Die Strafkammer verwertet für die Bewilligung mildernder Umstände, dass die Tat „nicht für eine besondere verbrecherische Energie spreche“, bei der Strafbemessung aber erschwerend, dass der Angeklagte „durch die Tat eine erhebliche verbrecherische Energie bewiesen habe“. Beides ist nicht miteinander zu vereinbaren. Im Übrigen begründet das Landgericht diese „erhebliche verbrecherische Energie“ damit, dass der Angeklagte die Möglichkeit gehabt habe, die Konfliktslage durch die Verweigerung der Aussage zu lösen, ohne sich selbst zu schaden.
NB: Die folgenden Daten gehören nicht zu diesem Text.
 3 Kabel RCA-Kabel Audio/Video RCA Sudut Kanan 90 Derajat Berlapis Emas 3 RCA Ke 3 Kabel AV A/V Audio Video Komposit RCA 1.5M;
Dabei verkennt der Vorderrichter, dass eine Aussageverweigerung des Angeklagten angesichts der belastenden Aussagen der beiden damaligen Angeklagten und der Häufigkeit ähnlicher Vorgänge im Baugewerbe von der Öffentlichkeit und seinem Arbeitgeber als Zugeständnis der Schuld angesehen werden konnte. Der Angeklagte scheute sich deshalb möglicherweise, von seinem Aussageverweigerungsrecht Gebrauch zu machen, weil er dadurch einen Schaden für sich befürchtete. Diese Möglichkeit hat die Strafkammer übersehen und damit die Schwere des für den Angeklagten bestehenden Konflikts verkannt. Darin liegt auch ein sachlichrechtlicher Fehler. Diese Mängel können sich zum Nachteil des Angeklagten ausgewirkt haben. Das nötigt zur Aufhebung des Urteils im Strafausspruch.

Der Senat hat keinen Anlass gesehen, von der Befugnis des § 354 Abs. 2 StPO Gebrauch zu machen.